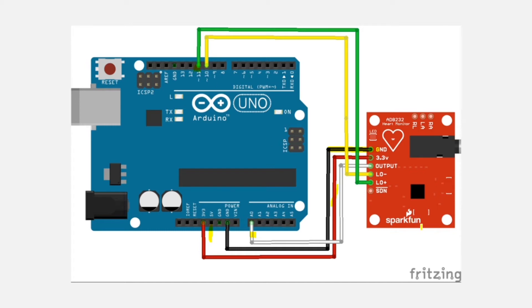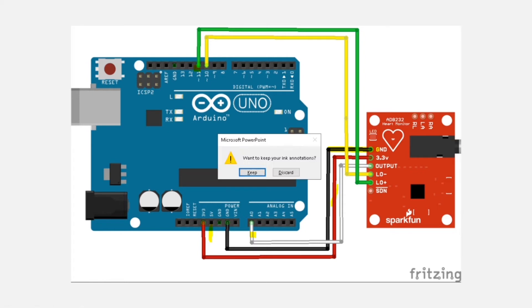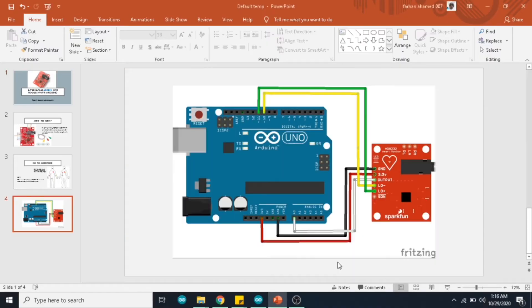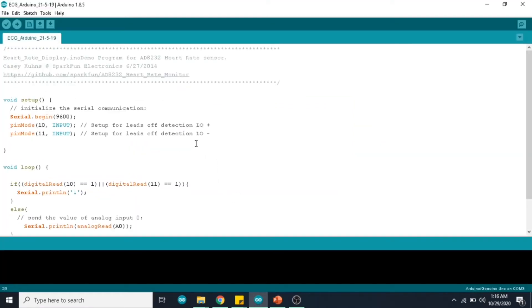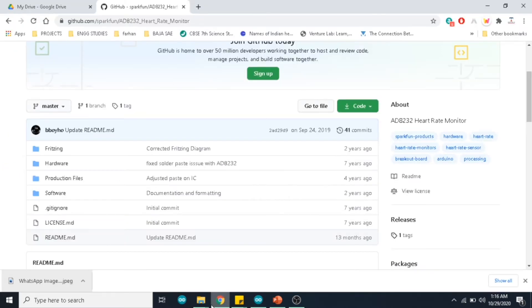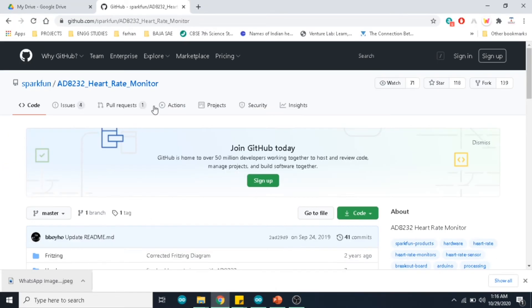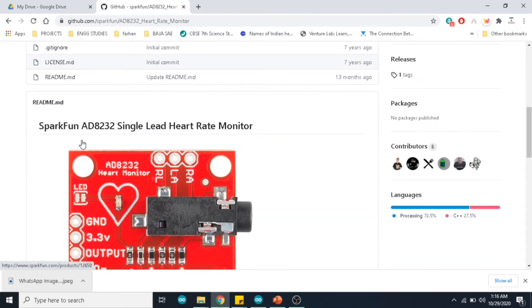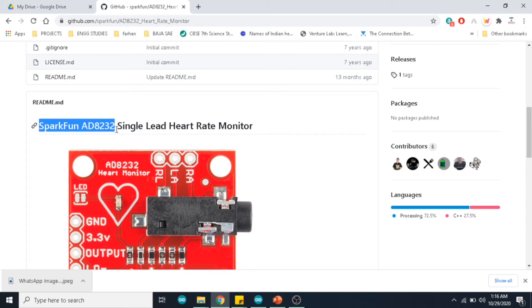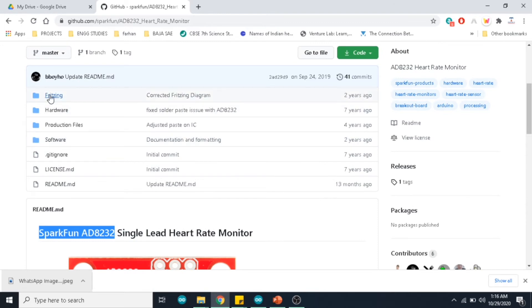This is the circuit connection. Now we will look into the coding. This is the code that we are going to use. I got this code from this GitHub library made by SparkFun. This library consists of all the files related to the SparkFun AD8232 single lead heart rate monitor, the Fritzing files, the hardware and software. All the files are available in this link.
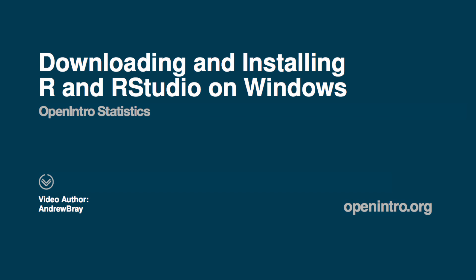There are two programs you'll need to download and install in order to do the labs for OpenIntro Statistics: R and RStudio. Let's start with R.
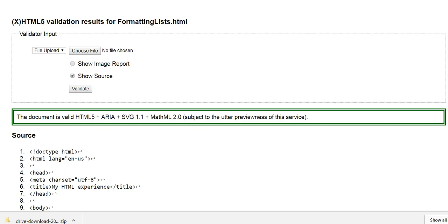Once you have an error-free validation report, you will need to save it as a PDF and submit it with your HTML document assignments. I want to show you how to do that, but I want to make you understand a few things first.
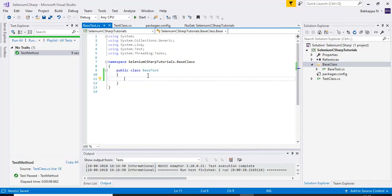When we have 50 test scripts, OneTimeSetup will work only one time before running all 50 test scripts, and OneTimeTeardown will work only one time after running all the test scripts. Let us create the methods for these.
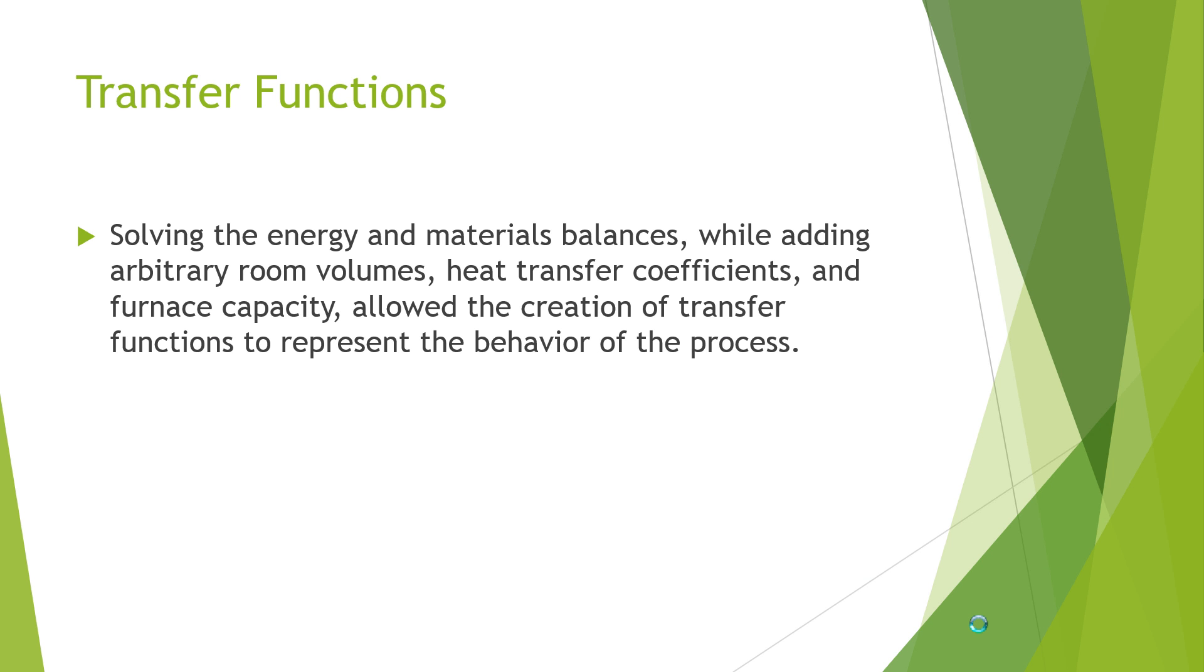So in order to model the temperature changes in different rooms, we solved material and energy balances using first principles, and implemented the subsequent model into our simulation packages.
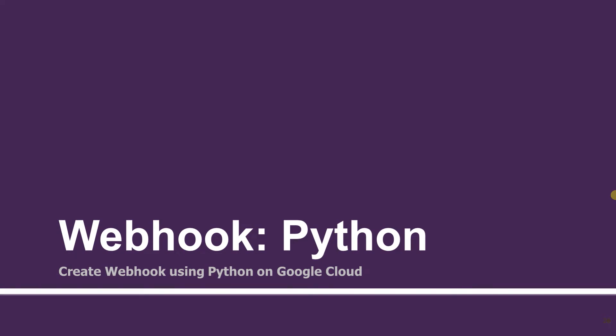Hello guys, welcome to the ninth session of the API.AI tutorials for beginners. In this session, we will create the webhook using Python.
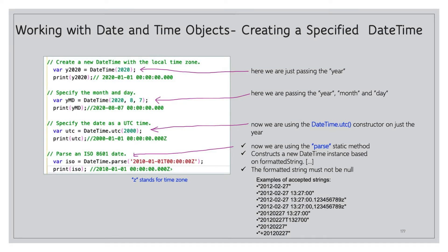And here we'll create a specified DateTime object. So we start out with a variable called y2020 and that equals DateTime 2020. So here we're just passing the year, so it defaults to the first day and the first month and the time is all zeros across the board. Then we could specify the month and day along with the year. So here we're passing year, month, and day to DateTime, the DateTime class, and we come up with ymd. So ymd as you might expect is 2020-08-07.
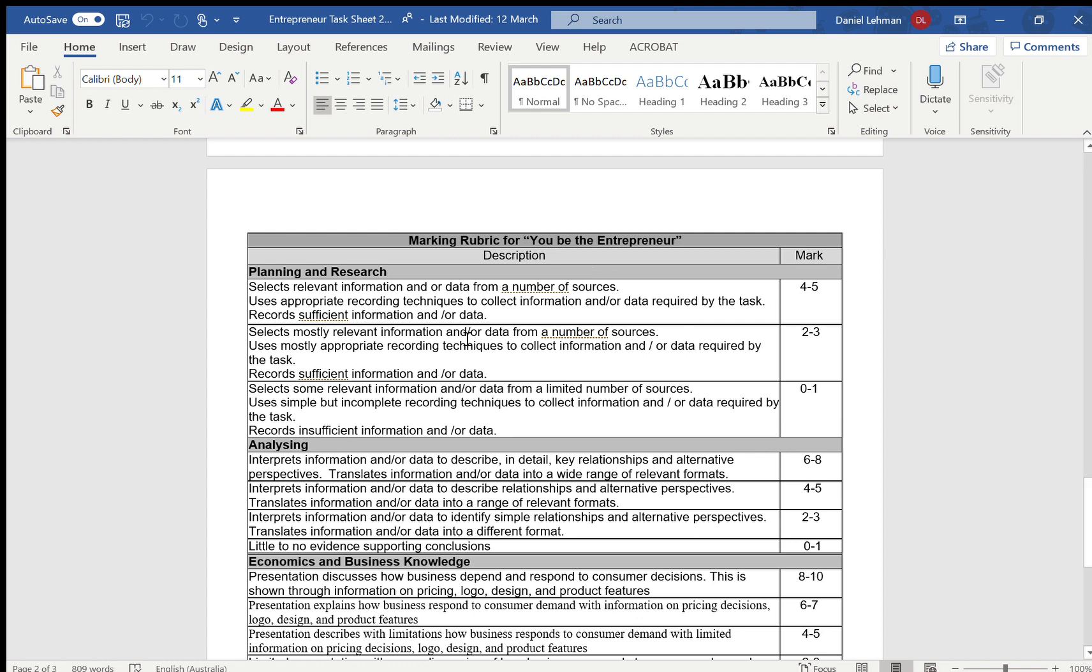Next part, and I'm only going to look at the top band here. You've used appropriate recording techniques to collect information. That's going to be in your finished product. Remember I've asked you to include maybe some graphs or a summary of the findings from your research.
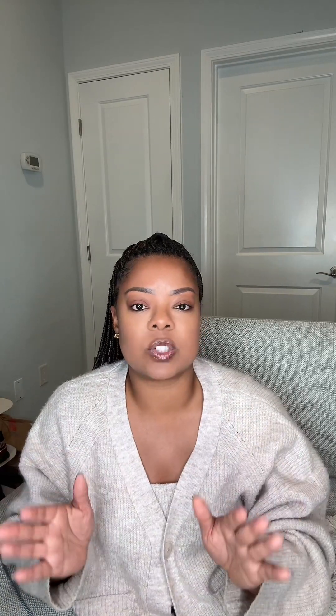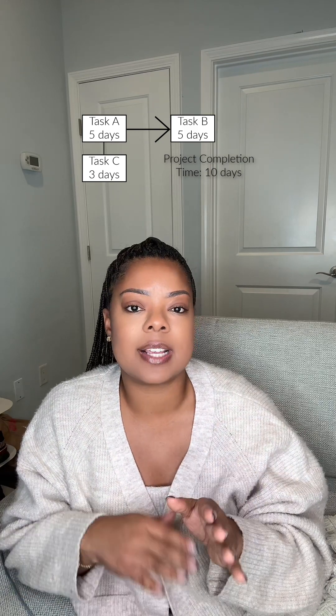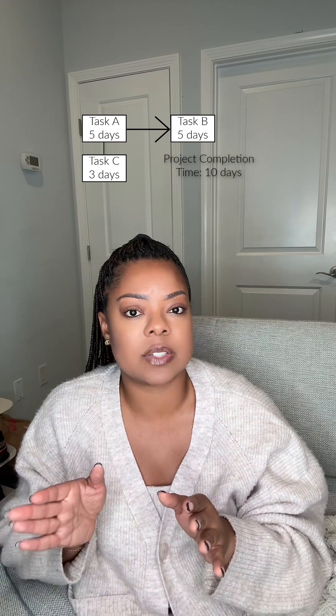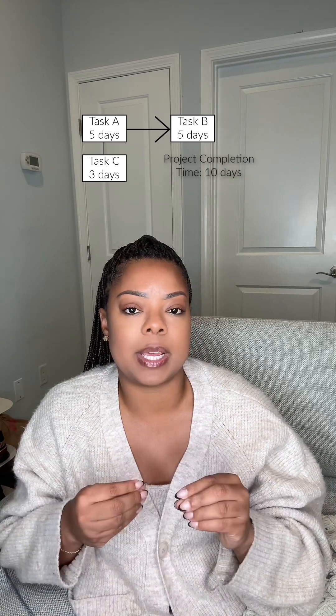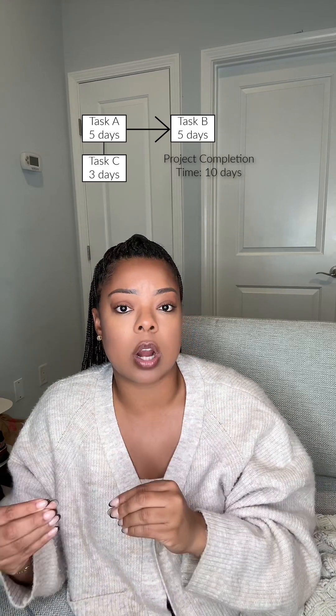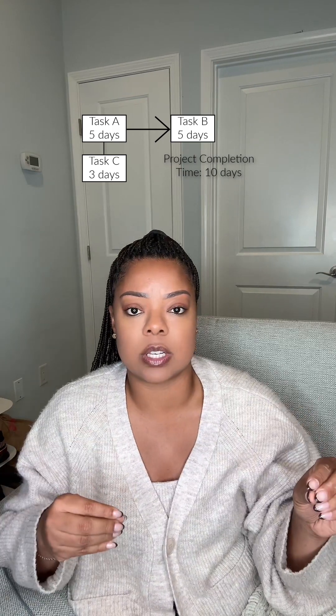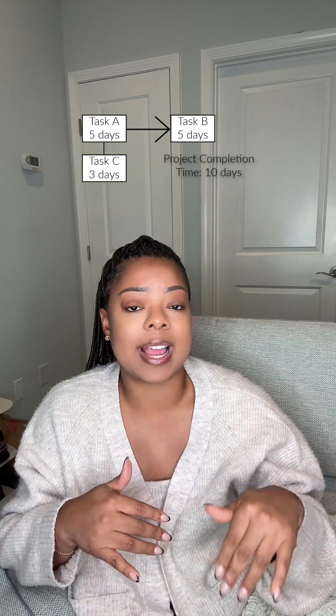Let's take an example. Let's say we have Task A, B, and C. Task A is five days, Task B is five days, and Task C is three days. Let's also assume that Task B can only start once Task A finishes. Task C, on the other hand, can start in parallel with Task A.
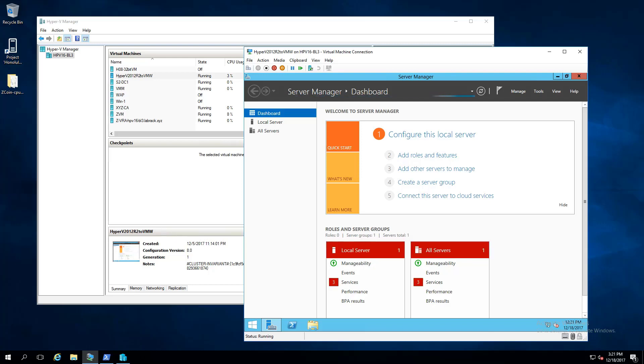So today what we're going to look at is how to install VMware tools on a non-VMware virtual machine. Bear with me, this is a voiceover of the recording, and we're going to try to make it sync up.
········
▸ What is expected:
Locate "Next part, and" in the listing above, then print exactly the lines from that line through the final one, omitting all pictures.

▸ Solution for this problem:
Next part, and I'm only going to look at the top band here. You've used appropriate recording techniques to collect information. That's going to be in your finished product. Remember I've asked you to include maybe some graphs or a summary of the findings from your research.
Let's take an example. Let's say we have Task A, B, and C. Task A is five days, Task B is five days, and Task C is three days. Let's also assume that Task B can only start once Task A finishes. Task C, on the other hand, can start in parallel with Task A.
So today what we're going to look at is how to install VMware tools on a non-VMware virtual machine. Bear with me, this is a voiceover of the recording, and we're going to try to make it sync up.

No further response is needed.